We are told that the two interfering beams are coherent and that their amplitudes are in the ratio

$$\frac{a_1}{a_2}=\frac{1}{3}.$$

To work comfortably, we assign actual symbols that satisfy this ratio. Let the common constant of proportionality be $$k.$$ Then we can write

$$a_1 = k \quad\text{and}\quad a_2 = 3k.$$

Interference formulas relate intensities to these amplitudes.
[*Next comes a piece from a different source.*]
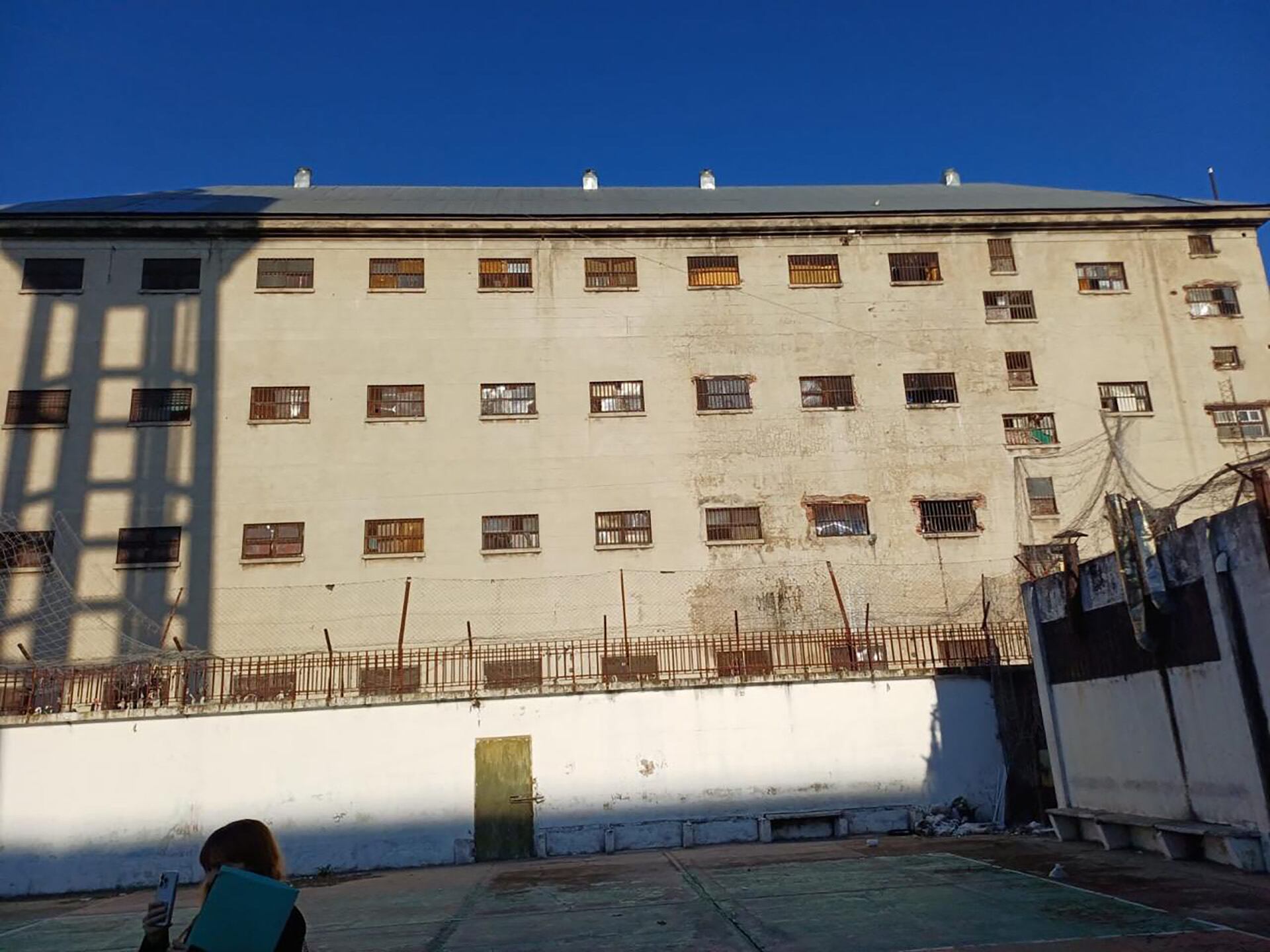 Inspectores judiciales y de derechos humanos auditaron la cárcel de Devoto y exigieron mejoras en higiene, salud y educación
First, we recall the basic result:

Intensity is proportional to the square of amplitude, so

$$I_1 \propto a_1^{\,2}, \qquad I_2 \propto a_2^{\,2}.$$

Now, in a two-source interference pattern, the expressions for maximum and minimum intensities are obtained by adding the wave amplitudes in phase (for a bright fringe) and subtracting them out of phase (for a dark fringe). Explicitly, the standard formulas are

$$I_{\text{max}} = (a_1 + a_2)^{2},$$

$$I_{\text{min}} = (a_1 - a_2)^{2}.$$

We substitute the concrete values $$a_1 = k$$ and $$a_2 = 3k.$$ Carrying out each calculation step by step:

For the maximum intensity,

$$I_{\text{max}} = (a_1 + a_2)^{2} = (\,k + 3k\,)^{2} = (4k)^{2} = 16k^{2}.$$

For the minimum intensity,

$$I_{\text{min}} = (a_1 - a_2)^{2} = (\,k - 3k\,)^{2} = (-2k)^{2} = 4k^{2}.$$

The ratio of these two intensities is then

$$\frac{I_{\text{max}}}{I_{\text{min}}} = \frac{16k^{2}}{4k^{2}} = \frac{16}{4} = 4.$$

Notice that the factor $$k^{2}$$ cancels, as expected, so the result is independent of our initial scaling choice.

Hence, the required ratio of maximum to minimum intensities of the fringes is $$4.$$

Hence, the correct answer is Option A.